Книга Мех форели - Пауль Низон
Шрифт:
Интервал:
Закладка:
Вернувшись в свой квартал, я пошел прямиком к Саиду и сел у стойки. Мне было важно погрузиться в безостановочное урчание его кабильского голоса. После обычных приветственных формул он тотчас завел разговор на свою излюбленную тему. Мол, скоро он привезет из Алжира свою семью. Я уже задавался вопросом, есть ли у него вообще семья. Или семья вправду есть, но нет места, где бы ее разместить, и он трудился в поте лица, чтобы купить подходящую квартиру, но как? По сравнению с кафе, хозяин которого носит пуловер, Саидово заведение не более чем кабак, если столь непрезентабельный погребок заслуживает такого названия. О своих семейных обстоятельствах я ему никогда не рассказывал, да он и не спрашивал. Я заказал рюмочку фиговой водки и стал смотреть на улицу. Возле Саидова кабачка ничего не происходило, и смотреть там было не на что, разве только на нескольких голубей, которые, дергая головой, сновали по сточному желобу в поисках чего-нибудь съестного. Вы любите голубей? — спросил я Саида. Он, похоже, не понял, что я имею в виду, и принялся рассуждать о жареных голубях и особенностях их приготовления, скажем по сравнению с перепелками. Потом мы с ним потолковали о почтовых голубях.
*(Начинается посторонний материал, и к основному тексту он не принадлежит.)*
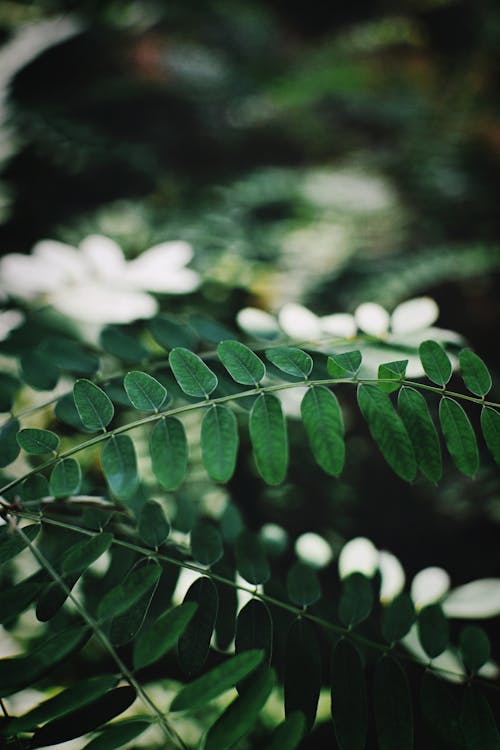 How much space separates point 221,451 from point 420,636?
19.0 inches

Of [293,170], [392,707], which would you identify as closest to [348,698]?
[392,707]

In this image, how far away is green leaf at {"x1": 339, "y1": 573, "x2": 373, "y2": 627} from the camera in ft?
2.72

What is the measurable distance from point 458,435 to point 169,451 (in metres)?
0.47

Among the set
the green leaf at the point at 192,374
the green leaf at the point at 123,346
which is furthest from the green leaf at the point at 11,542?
the green leaf at the point at 123,346

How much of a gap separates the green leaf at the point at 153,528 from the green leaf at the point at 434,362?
1.70ft

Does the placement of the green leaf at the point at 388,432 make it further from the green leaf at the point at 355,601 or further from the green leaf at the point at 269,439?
the green leaf at the point at 355,601

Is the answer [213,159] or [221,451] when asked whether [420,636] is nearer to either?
[221,451]

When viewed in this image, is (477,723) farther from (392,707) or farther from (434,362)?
(434,362)

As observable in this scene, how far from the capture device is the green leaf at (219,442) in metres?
0.74

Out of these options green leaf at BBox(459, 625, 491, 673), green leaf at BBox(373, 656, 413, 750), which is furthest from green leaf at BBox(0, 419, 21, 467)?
green leaf at BBox(459, 625, 491, 673)

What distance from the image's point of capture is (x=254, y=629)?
0.76 m

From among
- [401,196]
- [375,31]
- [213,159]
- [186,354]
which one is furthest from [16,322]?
[375,31]

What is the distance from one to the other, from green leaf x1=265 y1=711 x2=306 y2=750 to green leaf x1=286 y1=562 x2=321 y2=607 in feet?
0.78

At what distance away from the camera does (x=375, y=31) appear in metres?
3.13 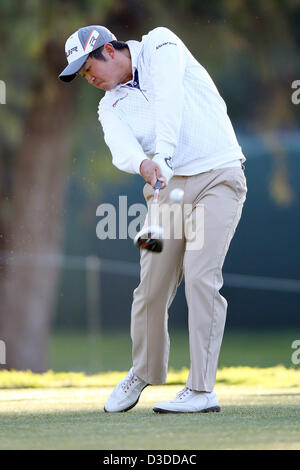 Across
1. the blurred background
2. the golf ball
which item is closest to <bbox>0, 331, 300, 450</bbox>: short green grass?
the golf ball

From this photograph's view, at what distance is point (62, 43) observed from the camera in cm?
1001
Я думал об исчезновении голубей с заднего двора, о ворковании, думал о голубином помете и голубином полете, о вспархивании испуганной голубиной стаи, которое звучит как хлопок. Потягивая фиговую водку, подбрасывал Саиду все новые реплики, лишь бы не умолкало его урчание. Да-да, почтовые голуби, говорил я, да-да, жареные голуби, которые так и просятся в рот, ого. А вот о жареных ласточках я никогда не слыхал, и в почтовой службе их не используют. Кстати, Саид, вам известно, что ласточки проводят жизнь в небе, я имею в виду, они никогда не садятся на землю, потому что не смогут взлететь? Как и стрижи. Симпатичное лицо Саида с густыми черными бровями и столь же густыми черными усами изменило выражение: он наморщил лоб и несколько озадаченно воззрился на меня. Я сдерживался, чтобы не назвать его «моя ласточка», так далеко заходить незачем, тем более с добрым знакомцем вроде Саида. Дверь распахнулась, вошел высокий, немолодой уже, для Саидова заведения слишком хорошо одетый господин; я легко угадал в нем отца несовершеннолетней девчонки, которая, по словам Саида, слоняется по окрестным улицам и у него тоже появлялась, конечно же без ведома отца. Теперь Саидов генератор урчал для родителя малолетней гулены.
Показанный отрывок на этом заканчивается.